How simple is Disney's First Book of Mythology? Well, in this Hercules, he starts out as a full-fledged god, the son of Zeus and Hera. His nemesis here is Hades. The lord of the underworld feels that Hercules is the only one who can block his path to cosmic domination. Hades's evil gremlins, Pain and Panic (Bobcat Goldthwaite and Matt Frewer), dose him with their own "Grecian formula" and make him mortal. (He stays super-powerful because he doesn't drink to the last drop.)
It's understandable that the Disney filmmakers would take the sexual rivalry out of Hercules' origins. What's disappointing is their rendering of Hercules' character. He's merely a mildly confused good guy, unsure of why he feels lost on earth and then uncertain of how to get back to where he once belonged: Olympus.

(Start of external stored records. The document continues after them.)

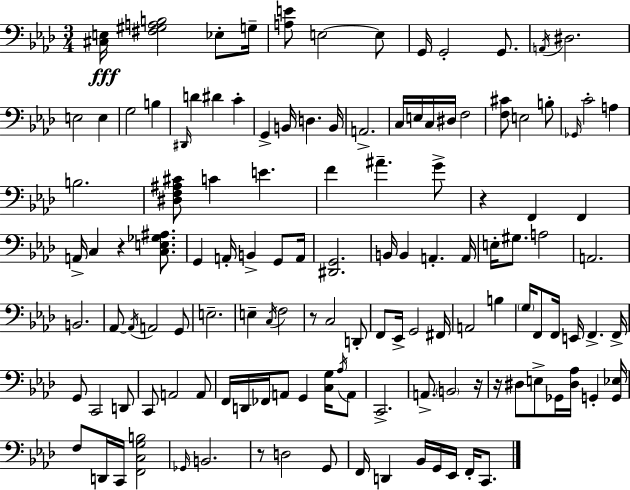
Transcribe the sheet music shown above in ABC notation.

X:1
T:Untitled
M:3/4
L:1/4
K:Fm
[^C,E,]/4 [^F,^G,A,B,]2 _E,/2 G,/4 [A,E]/2 E,2 E,/2 G,,/4 G,,2 G,,/2 A,,/4 ^D,2 E,2 E, G,2 B, ^D,,/4 D ^D C G,, B,,/4 D, B,,/4 A,,2 C,/4 E,/4 C,/4 ^D,/4 F,2 [F,^C]/2 E,2 B,/2 _G,,/4 C2 A, B,2 [^D,F,^A,^C]/2 C E F ^A G/2 z F,, F,, A,,/4 C, z [C,E,_G,^A,]/2 G,, A,,/4 B,, G,,/2 A,,/4 [^D,,G,,]2 B,,/4 B,, A,, A,,/4 E,/4 ^G,/2 A,2 A,,2 B,,2 _A,,/2 _A,,/4 A,,2 G,,/2 E,2 E, C,/4 F,2 z/2 C,2 D,,/2 F,,/2 _E,,/4 G,,2 ^F,,/4 A,,2 B, G,/4 F,,/2 F,,/4 E,,/4 F,, F,,/4 G,,/2 C,,2 D,,/2 C,,/2 A,,2 A,,/2 F,,/4 D,,/4 _F,,/4 A,,/2 G,, [C,G,]/4 _A,/4 A,,/2 C,,2 A,,/2 B,,2 z/4 z/4 ^D,/2 E,/2 _G,,/4 [^D,_A,]/4 G,, [G,,_E,]/4 F,/2 D,,/4 C,,/4 [F,,C,G,B,]2 _G,,/4 B,,2 z/2 D,2 G,,/2 F,,/4 D,, _B,,/4 G,,/4 _E,,/4 F,,/4 C,,/2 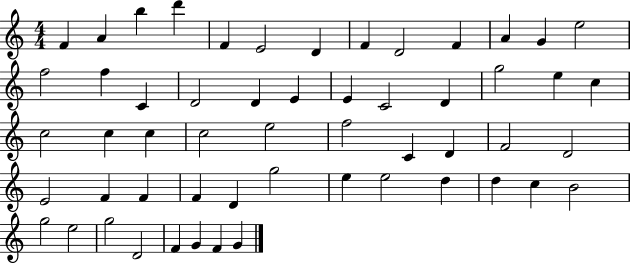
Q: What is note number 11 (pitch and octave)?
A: A4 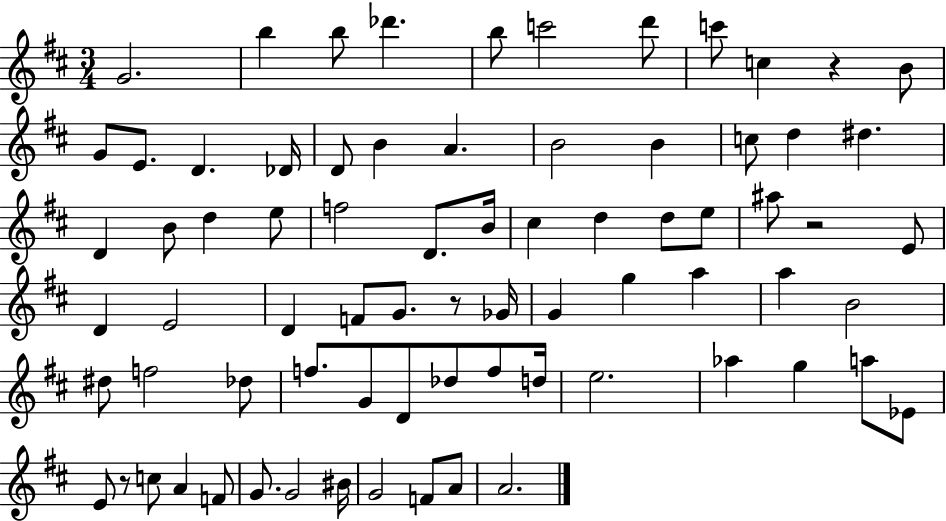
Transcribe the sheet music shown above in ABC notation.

X:1
T:Untitled
M:3/4
L:1/4
K:D
G2 b b/2 _d' b/2 c'2 d'/2 c'/2 c z B/2 G/2 E/2 D _D/4 D/2 B A B2 B c/2 d ^d D B/2 d e/2 f2 D/2 B/4 ^c d d/2 e/2 ^a/2 z2 E/2 D E2 D F/2 G/2 z/2 _G/4 G g a a B2 ^d/2 f2 _d/2 f/2 G/2 D/2 _d/2 f/2 d/4 e2 _a g a/2 _E/2 E/2 z/2 c/2 A F/2 G/2 G2 ^B/4 G2 F/2 A/2 A2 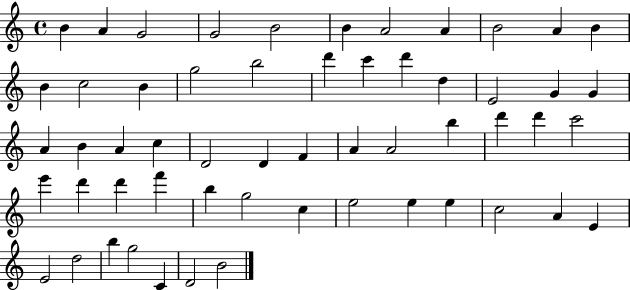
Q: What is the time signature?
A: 4/4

Along the way to redemption, society reduces Hercules to a celebrity -- the Greek equivalent of a sports star defeating an opposing team of monsters. On TV specials and in magazine promos, the Disney team to a man and woman has espoused a party line, telling us that they didn't want to make this movie "academic," despite its being the first Disney cartoon based on a classical myth. Sure enough, in the opening minutes Charlton Heston's senatorial tones give way to a gospel Greek chorus; they revolt against making the story sound like "some Greek tragedy" instead of the supposedly rollicking adventure we're about to see. Actually, what's "academic" about Hercules aren't the few remaining remnants of Greek legend, but the tried-and-untrue Disney motifs. The irreverence that Musker and Clements have made their specialty comes off as a restless, reckless tic. They lampoon Hercules's commercial marketing in the agora -- they seem to think that their awareness of Disney-style exploitation excuses their practice of it. It's as if they're telling critics, "We're not doing what the hucksters in the film do, merchandising an icon of dumb valor; we're merchandising a man who, as our theme song says, is willing to sacrifice, endure pain and 'Go the Distance'." In this film, it's hard to distinguish self-criticism from self-promotion. Some of it is funny: I laughed when Pain (or was it Panic?) reported to Hades in Air-Herc sandals. But doesn't the gag about Hercules becoming an action figure merely sell the action figure in real life? This movie's overstuffed bag of tricks falls apart, because nothing in it is organic or interlocked -- including that kicky chorus, crosshatched out of Dreamgirls and The Gospel at Colonus.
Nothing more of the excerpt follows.